_TASK PROMPT:_
Extract, exactly as written, each line from the start of the records below to the line containing "Capa do artigo Dix Petites Betes Qui Volent", both ends included; drop the pictures.

_DATA RECORDS:_
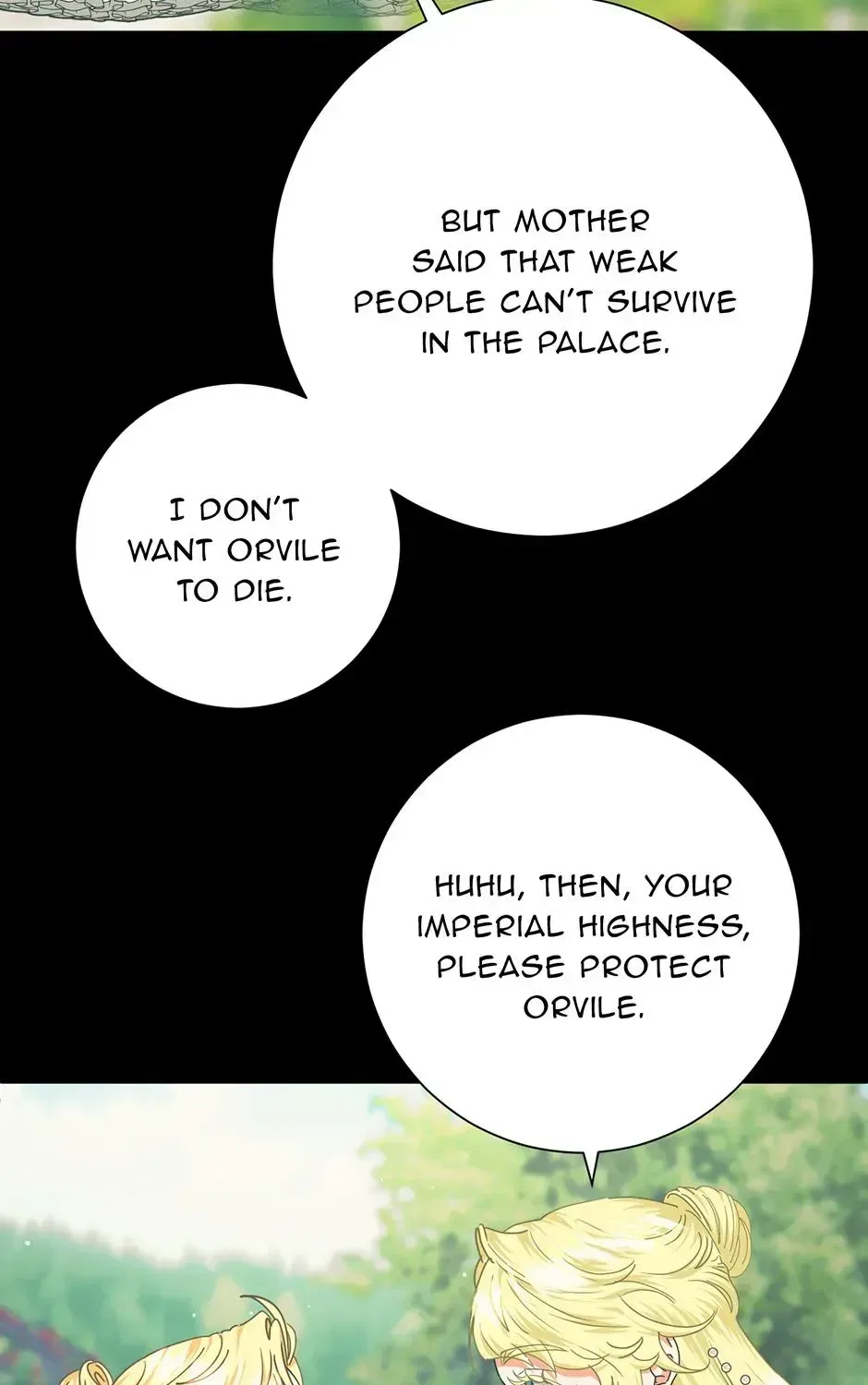 I Married the Enemy Who Killed My Parents Chapter 77 – Page 51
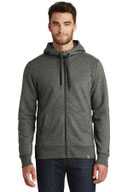 New Era  ®  French Terry Full-Zip Hoodie. NEA502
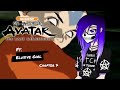 Avatar The Last Airbender Chapter 7 The Fortress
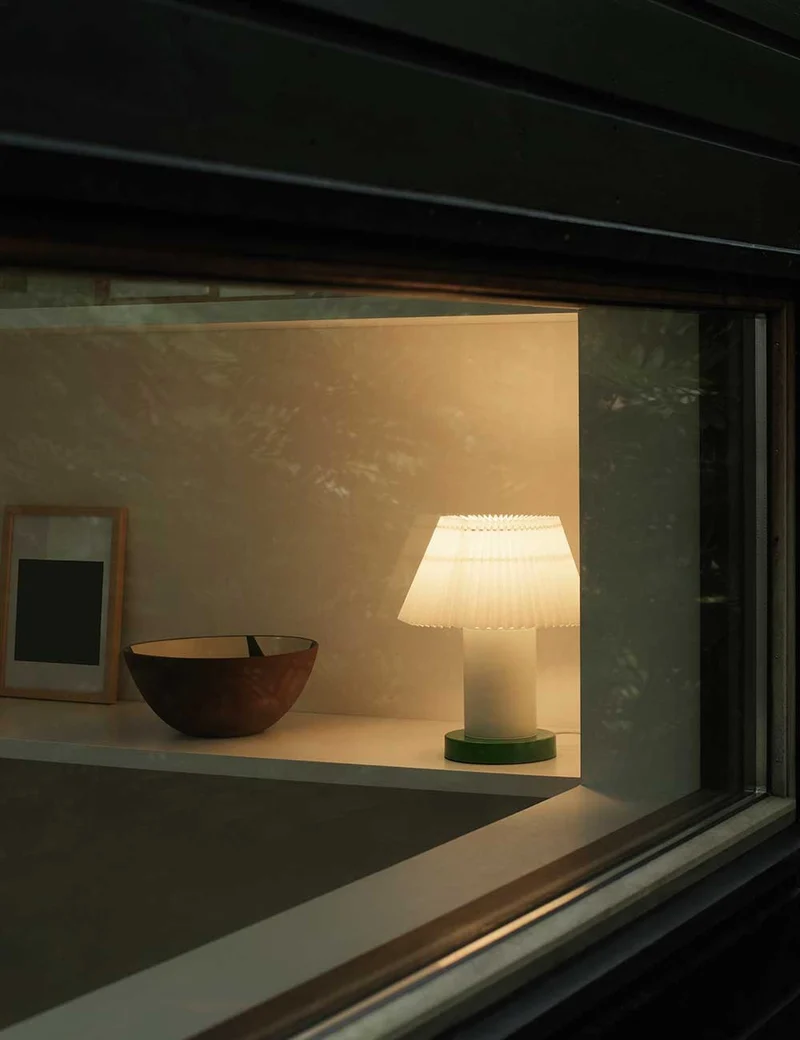 cellu table lamp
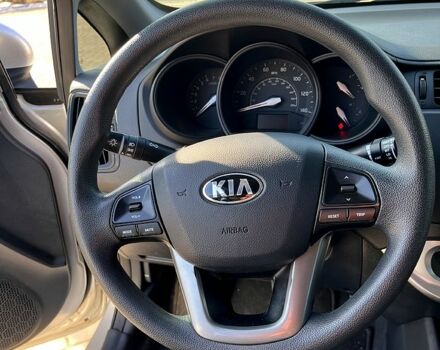 Кіа Ріо, об'ємом двигуна 16 л та пробігом 165 тис. км за 8600 $, фото 12 на Automoto.ua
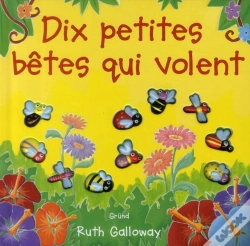 Capa do artigo Dix Petites Betes Qui Volent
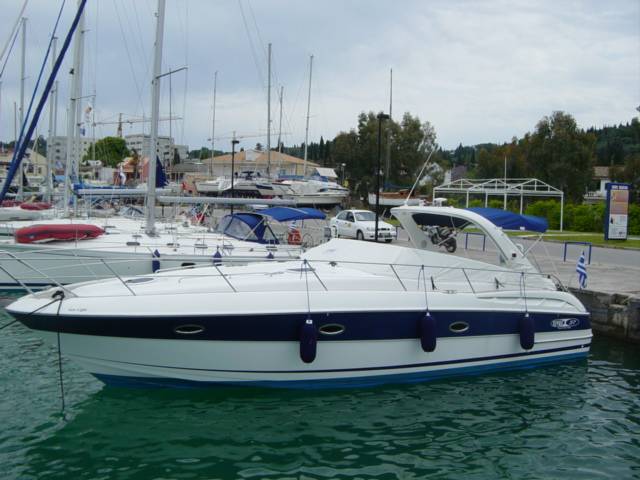 Bavaria 37 Sport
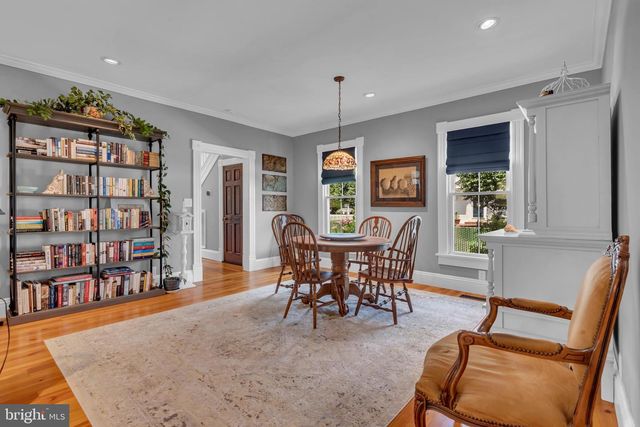 1109 LOCUST ST, Cambridge, MD 21613
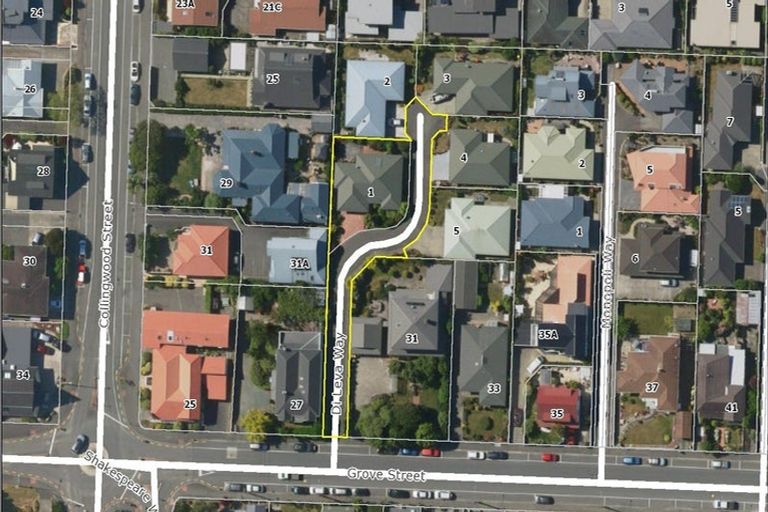 Photo of property in 1 Di Leva Way, The Wood, Nelson, 7010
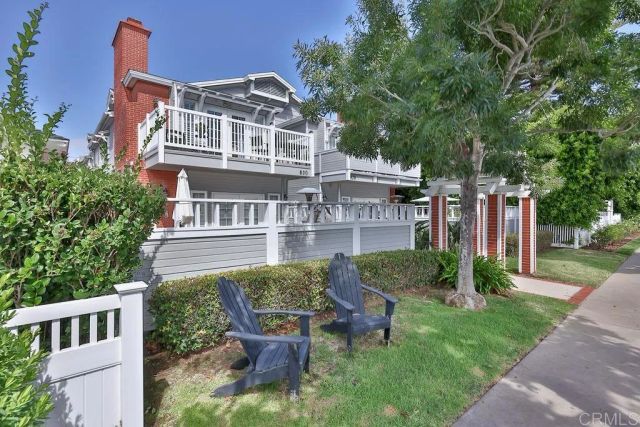 828 D Avenue, Coronado, CA 92118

_ANSWER BOX:_
 I Married the Enemy Who Killed My Parents Chapter 77 – Page 51
 New Era  ®  French Terry Full-Zip Hoodie. NEA502
 Avatar The Last Airbender Chapter 7 The Fortress
 cellu table lamp
 Кіа Ріо, об'ємом двигуна 16 л та пробігом 165 тис. км за 8600 $, фото 12 на Automoto.ua
 Capa do artigo Dix Petites Betes Qui Volent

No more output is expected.